8. So we landed in 2005 in the black and arguably with the worst behind us. This therefore seemed the logical time to move the business into new premises, and this we duly did in Sept 2005. At which point we returned to Turnover growth, and even though we took most of the relocation project costs straight through the books in 05, we still made a modest profit before tax.

9. 2006 was the lull before the (next) storm. We had a 6 month hangover from the move. Lots of small irritable, hard to fix, teething manufacturing issues. On the horizon a black storm. Turnover came up. Profits held but we wondered for how long. By the end of 06 a market that had delivered a 3rd of our revenue up to that point suffered a price collapse. Margin evaporated. We knew it was coming and were working on ways of filling the hole. In 06 I was launching NPD like there was no tomorrow! If enough stuck, I reasoned, if we solved our productivity issues and kept up what by then was an exceptional record in raw material cost engineering maybe we could buck the problem.

10. 2007 was tough. Oddly, given the first 2 years, it felt like the toughest year. We were having a bad time as I had expected but by the middle of the summer I realised it was for entirely different reasons than those I had anticipated. Most of the problems turned out to be self inflicted ratherthan related to the price-collapsed market. It had to be fixed with a structural adjustment. Heads rolled. I gave more responsibility to a smaller core team and kept a very very tight grip on the daily detail until I was confident the problem was fixed. To be honest we have not looked back. 2008 has of course had some choppy waters. The majority of our big volume suppliers are in the Eurozone. A year ago we got 1.4 euros for a GBP now we are lucky to get more than 1.2 (do the maths). But our relentless focus on raw material cost engineering (you can always get it lower - you just haven't worked out how yet), on NPD and on improving productivity and service has served us well so in a tough economic environment we are doing OK. Maybe the crash-crunch-tough-times don't phase me because that is mostly all we have known.

It worries me more when things appear to be going OK, makes me wonder what calamity is just around the corner.

I have learnt that it is wise to take a little paranoia withyour optimism.



Footnote: for the sake of clarity and good order Clive Birnie is Managing Director / CEO and Martyn Shiner is Financial Director / CFO of Severn Delta Ltd. They each own 50% of the company.

Friday, 7 November 2008

Thoughts On A Friday Morning




1. Obamaramalamadingdong

2. Judge people by their results not their promises

3. 1.5% cut in interest rates means squat for my business. It has no impact on whether we succeed or fail

4. If 1.5% still doesn't do it for your business it because the cost of finance ain't the problem that needs fixing

5. If the rule is "when in hole stop digging" how come more high govt spend and borrowing + cheap money+ more regulation is the solution when this was pretty much the policy cycle that fed the asset bubble and created the problem?

6. If your business is slipping into a hole - STOP DIGGING! and contact us (see @martynshiner or @positivechurn or here for details) ...

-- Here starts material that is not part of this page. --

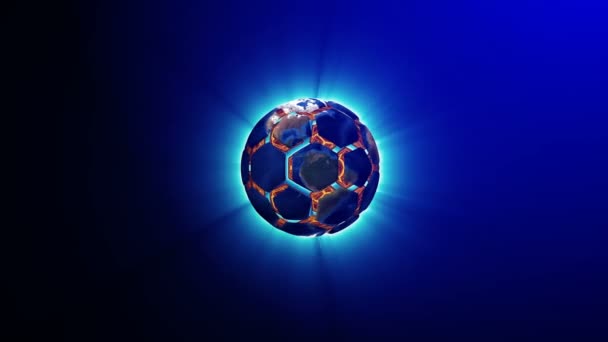 Футбольний м'яч у вигляді планети в просторі, карти і текстури, надані Nasa, — стокове відео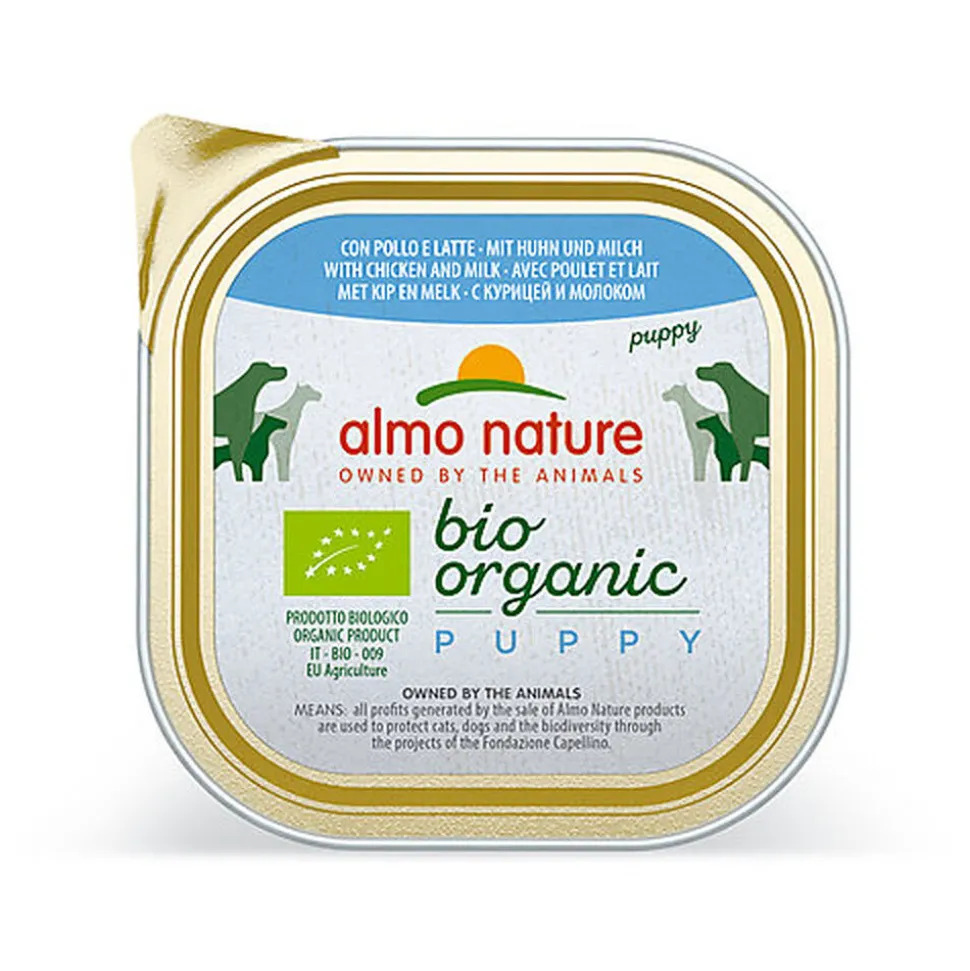 Almo Nature - Pâtée Bio Organic Puppy Avec Poulet Et Lait - 300g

7. This story is told to Josh by Leo in The West Wing (sorry can't recall episode or season):

A man falls into a hole. It is too deep for him to just climb out so he calls for help.

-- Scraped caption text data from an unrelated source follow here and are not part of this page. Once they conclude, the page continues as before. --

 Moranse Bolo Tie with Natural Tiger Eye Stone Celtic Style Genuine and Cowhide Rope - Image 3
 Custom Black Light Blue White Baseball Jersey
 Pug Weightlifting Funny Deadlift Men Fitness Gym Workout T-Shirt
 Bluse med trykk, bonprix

A Doctor stops and looks into the hole. The Man says "Doctor, please help me, I have fallen into a hole." So the Doctor writes a prescription, drops it into the hole and walks on.

But our guy is still stuck in the hole. He can't get out.

A priest stops and looks into the hole. "Father, please help me" our Man in the Hole says, "I have fallen into a hole". So the priest writes a prayer on a slip of paper and drops it into the hole, says "bless you my son" and walks on.

But our guy is still stuck in the hole. He can't get out.

Then his friend walks by and he calls out to him "Hey I need some help here buddy, I have fallen into a hole". His friend looks down. Thinks for a moment and then jumps down into the hole.

"What did you do that for?" Our man says "Now we are both in the hole!".

"Yeah, I know." His friend says, "But I have been here before so I know the way out..."

(thought this would make a good SOTM but I guess Mario would find the huge piece of paper contrary to rules of good composition!)

8. It is Carnival night tonight so I really must remember to run away north before the roads get closed!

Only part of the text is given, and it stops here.